Behind the curtain

What makes light clients work? I've done some handwaving in the past about merkle proofs and cryptography and general mathemagic but I'm going to attempt to at least go one level deeper. Bear with me in this silly example and I hope it will shed some light on how we can trust that light clients should work.

A thought experiment

Let's start with a thought experiment. Imagine you are part of a 10,000 member DAO and the whole DAO has voted to do an NFT gift exchange where each member of the DAO is randomly paired up with another member of the DAO to exchange NFTs with. At the time the vote is finalized, one member of the DAO is assigned to distribute out the assignments. Unfortunately, somebody wants to mess things up and is going around Discord impersonating the assigner and sending random Discord user names to each DAO member, totally messing up the gift exchange . What if there was a simple solution to this solve this and the real assigner could somehow prove to each DAO member that they had been given the correct name? If the DAO had just used a merkle tree, they could have avoided this whole problem!

ELI5 - Merkle Trees!

Before I try and explain a merkle tree, let's define a couple of terms.

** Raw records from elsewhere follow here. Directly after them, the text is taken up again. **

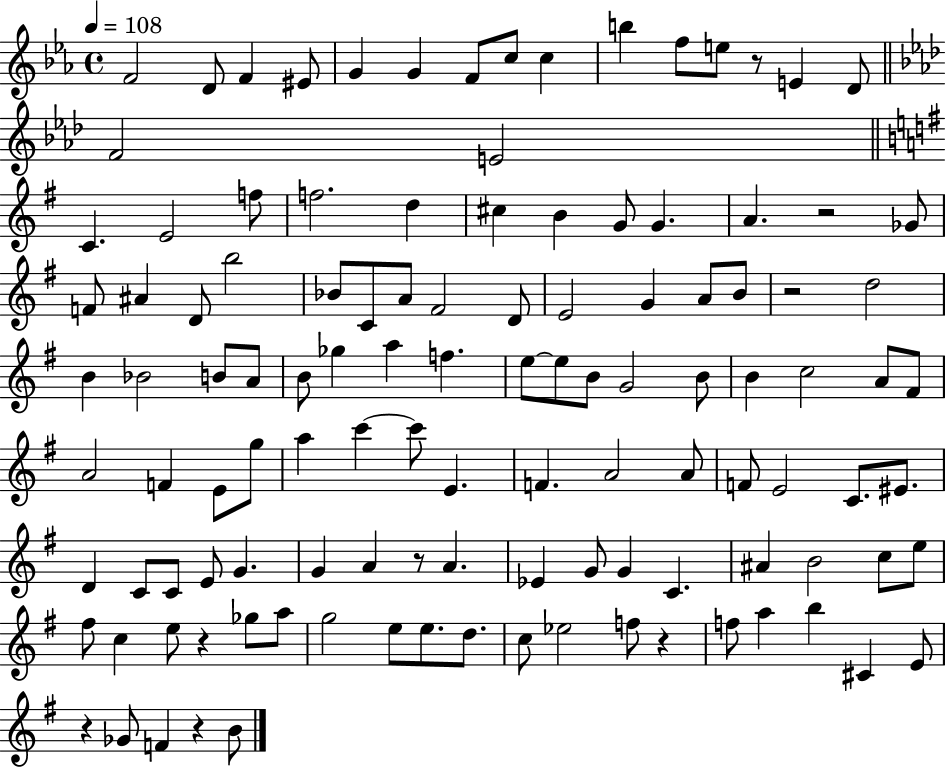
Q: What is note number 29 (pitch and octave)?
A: A#4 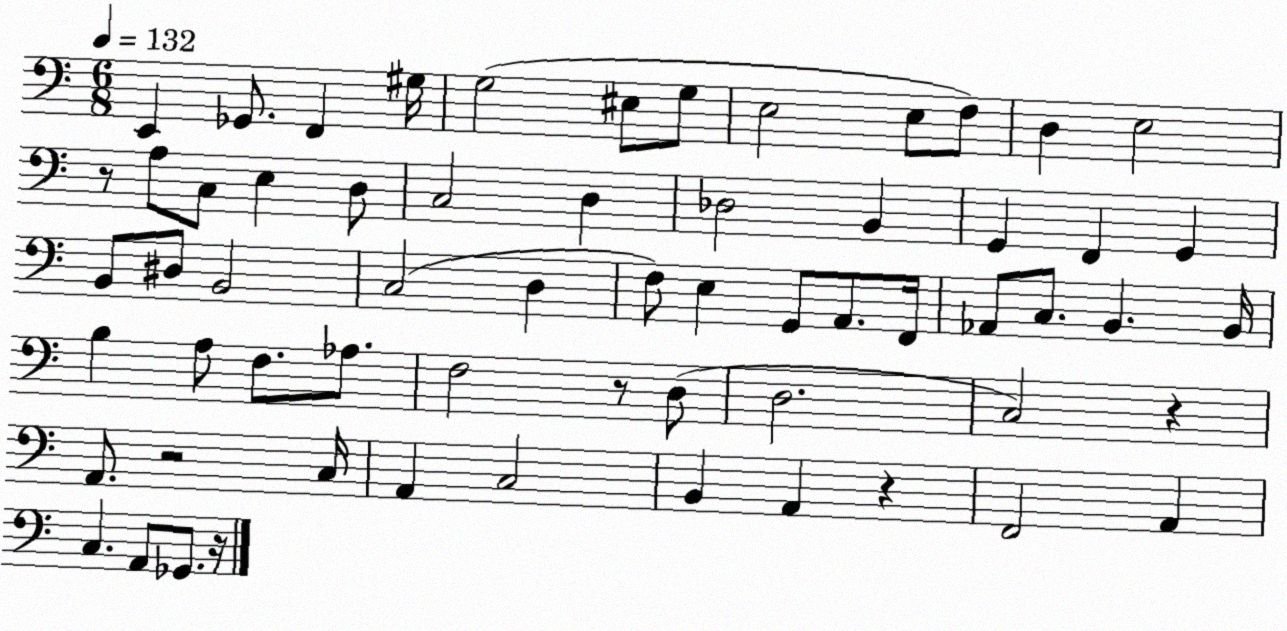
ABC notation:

X:1
T:Untitled
M:6/8
L:1/4
K:C
E,, _G,,/2 F,, ^G,/4 G,2 ^E,/2 G,/2 E,2 E,/2 F,/2 D, E,2 z/2 A,/2 C,/2 E, D,/2 C,2 D, _D,2 B,, G,, F,, G,, B,,/2 ^D,/2 B,,2 C,2 D, F,/2 E, G,,/2 A,,/2 F,,/4 _A,,/2 C,/2 B,, B,,/4 B, A,/2 F,/2 _A,/2 F,2 z/2 D,/2 D,2 C,2 z A,,/2 z2 C,/4 A,, C,2 B,, A,, z F,,2 A,, C, A,,/2 _G,,/2 z/4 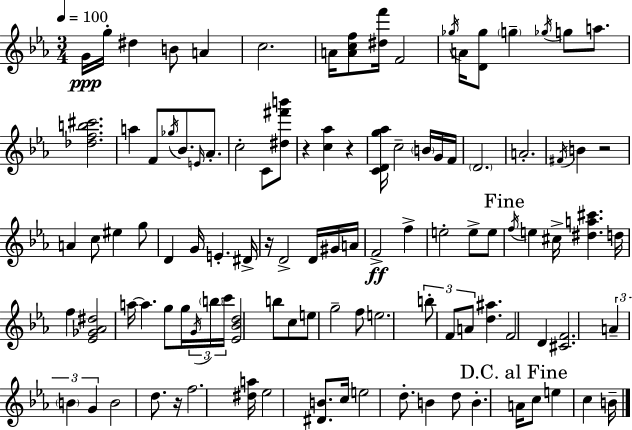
G4/s G5/s D#5/q B4/e A4/q C5/h. A4/s [A4,C5,F5]/e [D#5,F6]/s F4/h Gb5/s A4/s [D4,Gb5]/e G5/q Gb5/s G5/e A5/e. [Db5,F5,B5,C#6]/h. A5/q F4/e Gb5/s Bb4/e. E4/s Ab4/e. C5/h C4/e [D#5,F#6,B6]/e R/q [C5,Ab5]/q R/q [C4,D4,G5,Ab5]/s C5/h B4/s G4/s F4/s D4/h. A4/h. F#4/s B4/q R/h A4/q C5/e EIS5/q G5/e D4/q G4/s E4/q. D#4/s R/s D4/h D4/s G#4/s A4/s F4/h F5/q E5/h E5/e E5/e F5/s E5/q C#5/s [D#5,A5,C#6]/q. D5/s F5/q [Eb4,Gb4,Ab4,D#5]/h A5/s A5/q. G5/e G5/s G4/s B5/s C6/s [Eb4,Bb4,D5]/h B5/e C5/e E5/e G5/h F5/e E5/h. B5/e F4/e A4/e [D5,A#5]/q. F4/h D4/q [C#4,F4]/h. A4/q B4/q G4/q B4/h D5/e. R/s F5/h. [D#5,A5]/s Eb5/h [D#4,B4]/e. C5/s E5/h D5/e. B4/q D5/e B4/q. A4/s C5/e E5/q C5/q B4/s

A hash function is a deterministic mathematical function that returns a unique value for any input. To take a simple example, lets say we have a hash function that takes any English word of any length, say "supercallifragilisticexpiallodocious" and it produces a string of 5 alphanumeric characters like a1542. And not only that, if you change one letter so "sopercallifragilisticexpiallodocious", you would get something like 2jnv1. In other words, the hash of each word should be unique and you should never get the same hash for two different words.
A tree in computer science terms is a data structure that looks something like below:

where 1 is the root node of the tree, 7 and 9 are its children, and the leaf nodes are 5, 11, and 5. Each layer in the tree has some relationship to the nodes above and below it which is defined by the type of tree it is. If this all feels like gibberish, just bear with me.

Okay, so we have a hash function, and we have this goofy looking thing called a tree. What's a merkle? Despite what you might think, it's not something that young Gerald McGrew might catch if he ran the zoo.

Ralph Merkle invented merkle trees but that's as far into the origin of the name as we can go if we want to ever get back to our gift exchange.

Anyway, a merkle tree is a tree where the relationship between any parent and child nodes in the tree is that the value of the parent node is the hash of the two values of the two child nodes. Do what? Imagine we have the following.
1
/ \
2 3
/ \
4 5
which is a merkle tree where the leaf nodes are 2, 4, and 5. Each of these contains a name, 2 - Jim, 4 - Sally, 5 - Perez. Using the hash function we described above, the value of 3 is the hash of "SallyPerez" and that value is say vm521. Now, the value of 1 is the hash of "Jimvm521" so say k61ps. Thus, what is called the hash root of the tree is k61ps.

Now, what's magical about this is that from this merkle tree is, if you only know the root node, I can prove to you that Perez in in node 5 while only giving you a subset of nodes from this tree. If I give you a list of words - k61ps, (Jim, vm521), (Sally, Perez), that proves that Perez is in node 5. Well, yes, you say, it does, but you gave me the entire tree. What's so magical about that? The magic is what if 2 and 4 are not leaf nodes but have child nodes under them? I don't have to give you any of those. The hashes of their parents are all that is needed to reconstruct the part of the tree that leads to the root node. And, if you only know the root node and I give you the "merkle proof" (this subset of nodes in the tree), you can use the hash function to verify that these nodes lead back to the root that you have (or not if I'm trying to lie to you).

So, back to our example. Let's slightly rewrite history. When the DAO decided to do the gift exchange, they produced a merkle tree with the name of each DAO member in a leaf node of the tree and then distributed the root hash to each DAO member. Then, when the member given the role of assigning each name sends out the assignments to each random pair of DAO members, they send a merkle proof along with the name of each member. Since all the members of the DAO have the hashroot of the tree (which was embedded in the Snapshot vote that kicked off the gift exchange), they can easily verify if the name they have been given is truly a member of the DAO by verifying the merkle proof that the assigner provided with the name assignment. Then, when the baddie tries to mess things up, the DAO members just need to ask the fake assigner for a merkle proof along with the name of the other DAO member they are to exchange gifts with and will quickly see the baddie is lying.

What does this have to do with light clients?

This is a silly example but if you imagine the list of DAO member names as the entire state of the Ethereum chain, light clients are able to depend on merkle proofs to validate that the data that full nodes are sending them is correct based on only having the state root for the Ethereum state from a recent block. And that, is why I am interested in light clients.